The Richardson governor was used for stationary and portable engines produced by his employers, Robey & Co. This is a simple link valve gear controlled automatically by a centrifugal governor. Rather than the Stephenson's manual control of the die-block position within the oscillating link, the Richardson governor adjusts this according to engine speed. It usually operated similarly to a Meyer valve, with two valves driven by two eccentrics and the Richardson governor used instead of the Meyer's manual handwheel. This avoided the wire-drawing problem of the Stephenson's reduced valve travel and improved efficiency for stationary engines that might run at low power for long periods.

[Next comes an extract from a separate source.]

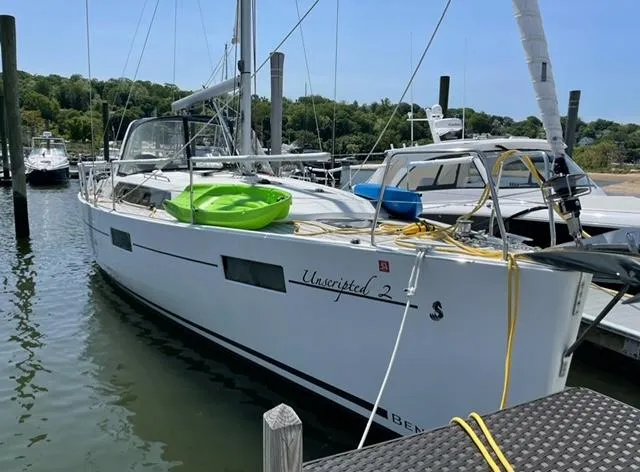 Slide: The Image of 2018 Beneteau Oceanis 41.1 sailboat docked at marina with kayak on deck. - 7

== Successor valve types ==
In the fully developed forms of the high-speed engine (from around 1900) though, expansion was controlled by governing the timing (Note: As this was the timing of the valve that was controlled, not its stroke, it avoided some of the Stephenson link's throttling drawback.) of a single valve, rather than a separate expansion valve. These led to further complex valve types such as poppet valves, often driven by cam-based valve gears rather than linkages. (Note: Link and radius valve gears are simple to make but have performance limitations. Arbitrarily-shaped cams can offer valve control tailored closer to an ideal operation, although they were difficult to manufacture accurately and their performance worsened dramatically as they wore. Improvements to machining techniques, metallurgy and lubrication increasingly favoured the cams.)

Increasing use of superheating encouraged the replacement of slide valves with piston valves, as these were easier to lubricate at the increased operating temperatures. They also made it impractical to use secondary valves like the Meyer, running on the backs of the primary valves. Possibly the last new design to use a secondary valve as an expansion valve was the Midland Railway Paget locomotive, that used bronze sleeves as expansion valves around its cast iron rotary valves. This design was unsuccessful, owing to mechanical problems with differential thermal expansion of the two valve materials.